In 2025, Social Security recipients will see a modest $48 increase in their monthly checks due to a 2.5% Cost of Living Adjustment (COLA).
While any increase is better than none, many retirees are voicing dissatisfaction.
Rising costs for essentials like healthcare, housing, and utilities continue to outpace this modest boost, leaving retirees struggling to make ends meet.
What is COLA?
Understanding COLA Adjustments
The Social Security Cost of Living Adjustment (COLA) is designed to help benefits keep pace with inflation.
It’s calculated using the Consumer Price Index for Urban Wage Earners and Clerical Workers (CPI-W), which tracks changes in the prices of goods and services.
However, the CPI-W doesn’t fully reflect the spending habits of seniors, especially their higher healthcare costs.
Key Details for 2025
- COLA Rate: 2.5% increase.
- Average Monthly Benefit: $1,907 (2024).
- Monthly Increase: Approximately $48.
- Medicare Part B Premiums: Expected to rise by $10.30, partially offsetting the COLA.
This year’s COLA is notably smaller than past adjustments, including the 3.2% increase in 2024 and the massive 8.7% hike in 2023, which was the largest in over 40 years.
Why Are Retirees Upset?
Healthcare Costs Erode Gains
Healthcare remains one of the fastest-growing expenses for retirees. In 2025, Medicare Part B premiums are set to increase by $10.30 to $185 per month, eating into the modest COLA boost.
Many seniors feel like they’re running in place, with COLA increases being swallowed by medical expenses.
Rising Essentials
Essentials like housing, utilities, and groceries have seen persistent price increases:
- Housing: Rent and property taxes continue to climb in many areas.
- Utilities: Energy costs remain high, disproportionately impacting those on fixed incomes.
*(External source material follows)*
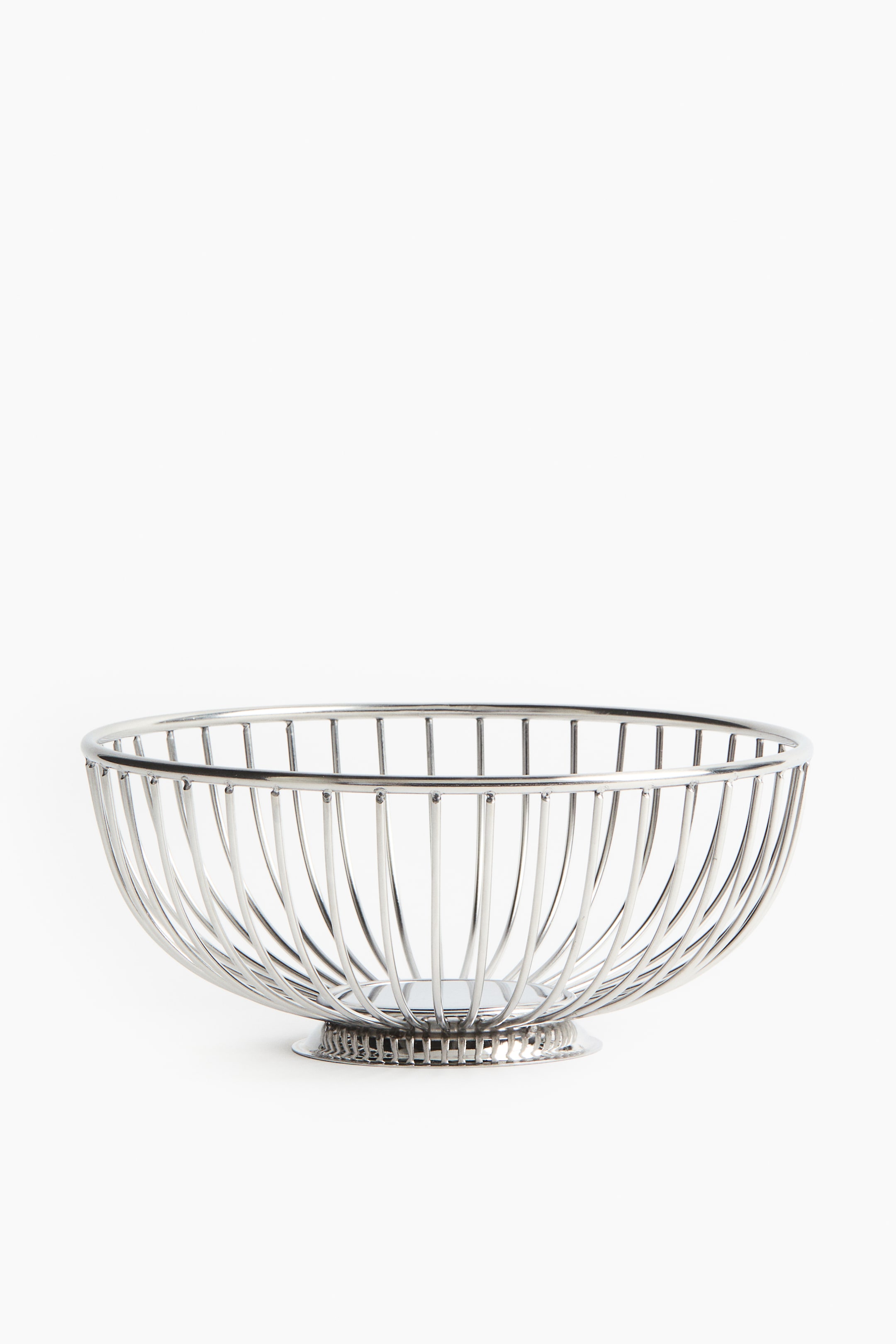 View larger image: A silver-toned metal wire bowl features an open, rounded top. Its body forms a curved, open-work design with evenly spaced vertical wires, resting on a circular, textured base.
- Groceries: Food inflation, though moderating, remains significant.
For retirees, whose budgets are often stretched thin, these rising costs far outweigh the $48 monthly increase.
Inadequate COLA Formula
Critics argue that the CPI-W, used to calculate COLA, fails to reflect the true costs retirees face.
A better alternative might be the Consumer Price Index for the Elderly (CPI-E), which accounts for the higher healthcare and housing costs that seniors typically experience.
Using the CPI-E could result in more accurate and meaningful benefit adjustments for retirees.
Impact on Retirees
Research highlights the growing financial struggles of older Americans:
- Nearly 50% of seniors are unable to meet basic expenses such as housing, food, and transportation.
- Rising medical costs disproportionately affect retirees, many of whom allocate a large portion of their budgets to healthcare.
For millions of retirees, the modest COLA adjustment doesn’t even begin to close the gap between their fixed income and their living expenses.
Calls for Reform
Advocacy groups and retirees are calling for significant reforms to how COLA is calculated.
The proposed adoption of the CPI-E could better reflect retirees’ spending habits, especially the rising costs of healthcare and housing.
What Would Change?
- Higher COLA Rates: Using the CPI-E could result in larger annual adjustments, helping seniors keep up with inflation.
- More Equitable Increases: The adjustments would better align with the true cost pressures faced by retirees.
The Bigger Picture
While the $48 monthly increase might sound like a win, it’s a drop in the bucket for many retirees facing mounting financial pressures.
Without meaningful changes to how COLA is calculated, Social Security will continue to fall short of addressing the needs of older Americans.